Ein Spiel wie "Half-Life" würde heute so vermutlich niemand mehr entwickeln lassen, der bei einem börsennotierten Publisher was zu sagen hat. Da werden Spiele gebraucht, die mit Online-Klimbim jahrelang Einnahmen generieren.

Als bekennender Einzelspieler muss ich deshalb unheimlich viel an "Black Mesa" lieben. Die Art, wie es entstanden ist: aus Liebe zum Original, mit Durchhaltevermögen und ausnahmsweise mal mit der Unterstützung der Erfinder des Originalspiels statt gegen deren Widerstand.

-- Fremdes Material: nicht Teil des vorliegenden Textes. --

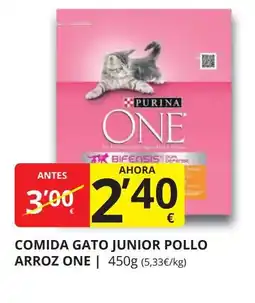 Supermercados MAS ONE Comida gato junior pollo arroz oferta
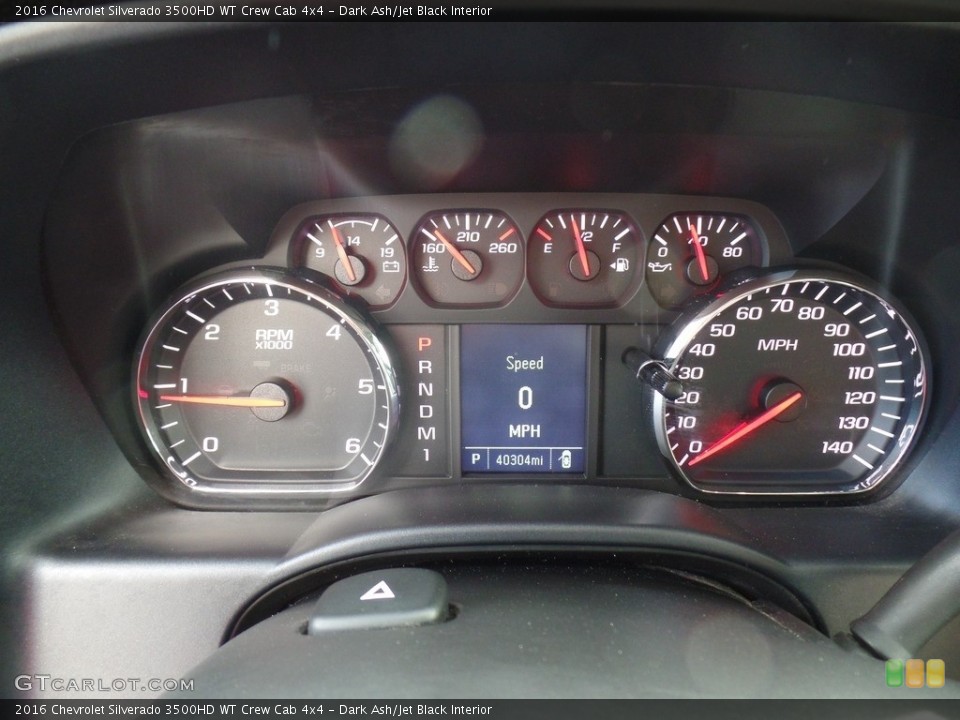 Dark Ash/Jet Black Interior Gauges for the 2016 Chevrolet Silverado 3500HD WT Crew Cab 4x4 #140106760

Und trotzdem gibt es "Black Mesa" (übrigens mit 18 Euro für einen ziemlich fairen Preis). Produziert von Fans. In ihrer Freizeit! Auf Blockbuster-Niveau!! Was für eine Leistung. Im Grunde spielt sich "Half-Life" damit wie "Half-Life 2", was Kenner wie Verächter des Originals freuen muss. Für alle, die "Half-Life" also noch nicht kennen, und aktuell kein VR-Set daheim haben, um das neu erschienene "Half-Life Alyx" zu spielen, ist "Black Mesa" ein Pflichtkauf. Und ein Denkmal für ein sehr altes, aber sehr gutes Spiel.

"Black Mesa" ist erhältlich für PC (bei Steam), kostet 18 Euro und ist für Spieler ab 16 Jahren geeignet.